The reference to the PC required it to consult with consumer representatives, small business, industry stakeholders and Commonwealth, State and Territory governments with a final report to be provided to Government by 31 October 2017 to ‘allow certainty for industry on legislation that is to commence on 1 July 2018’.

To do so, the PC adopted a staged approach which included:

  • the issue of a background paper by the PC,
  • opportunities for written submissions, and
  • public hearings.

In this inquiry, the PC set a date for written submissions of which it received 39 before the deadline and then, to date it has received three since that deadline, mainly to address commentary on the model proposed by Amazon for the imposition of the GST where it proposed a ‘Modernised Transporter Model’ as a version of the logistics model. That model moved responsibility for the GST to the importer with the responsibility for levying, collecting and remitting the GST being imposed on the logistics provider (normally the express air carriers or Australia Post), all of whom are actually in the jurisdiction.

In addition to written submissions, there were two public hearings attended by a number of parties who gave evidence in person, the transcripts of which are available on the PC website for the inquiry. I attended the Melbourne hearing of the PC where the main parties contesting the collection model were represented and it was interesting to hear their evidence supporting their different positions. Among the more interesting comments from some of the online retailers was that the ‘vendor’ registration was so difficult to administer it would both be a disincentive to continue to operate in Australia and open Australia to retaliation against its exporters.

Debate on the model to impose and collect the GST

Ultimately, the differences in the models proposed for imposition and collection of the GST point reflect that there is no one model which parties agree satisfies all the aims of the legislation and associated policy. Those for and against the current vendor registration model both make excellent arguments which go to issues such as the ability of the government to compel compliance and recover GST so as to make the regime efficient and deliver the required outcomes.

Outcomes for the regime

The PC is tasked to report by the end of October with its recommendations. On the basis that the regime is due to commence on 1 July 2018 and given that industry has been told to prepare for the vendor registration model, the reality is that there would need to be compelling reasons for the government to change that model and require an entirely different one placing the obligations on those delivering the goods. However, even if the current model is to be retained there will no doubt be other recommendations to adjust that model to enhance compliance and revenue recovery which could bring the model closer to achieving the required outcomes.

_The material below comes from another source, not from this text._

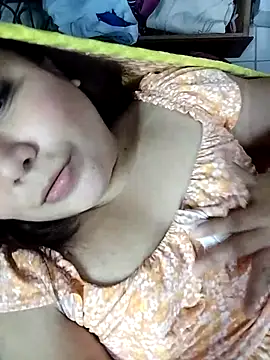 Snapshot of aniv96 chatting on 11/11/25, 12:32 aniv96 online show from 11/11/25, 12:32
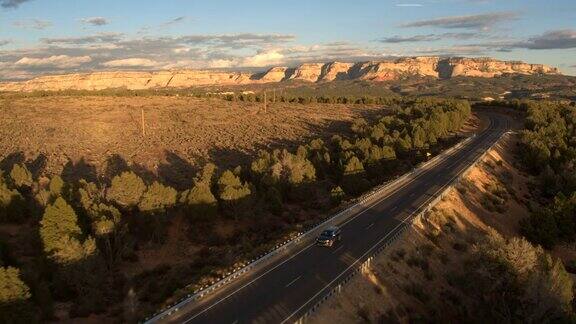 图片:黑色SUV吉普车在犹他州空旷的道路上行驶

In the meantime there are other important issues for industry and their clients whose goods are now subject to GST. These include:

  • Understanding the new regime and the eventual model adopted by government.
  • Ensuring that overseas clients (being the vendors) understand the new regime, register where required and comply with their obligations.
  • Understanding the way in which those in the supply chain who carry the goods, report the imports which will then be subject to GST and on what electronic document.
  • Dealing with any processing charges on the imports subject to the regime. There are currently no import processing charges on LVTs but I understand that will now change for LVTs now subject to the GST so that a charge will be made.
  • Educating staff, clients and contractors.

The other important issue is the way in which compliance will be monitored and non-compliance addressed by the ATO and the DIBP. At the moment any errors in any reports could attract penalties and lead to interest being payable on the amounts underpaid. As with other legislation we can only hope that government and its agencies adopt some form of moratorium against inadvertent errors in dealing with the new regime and exercise some care against undue compliance action.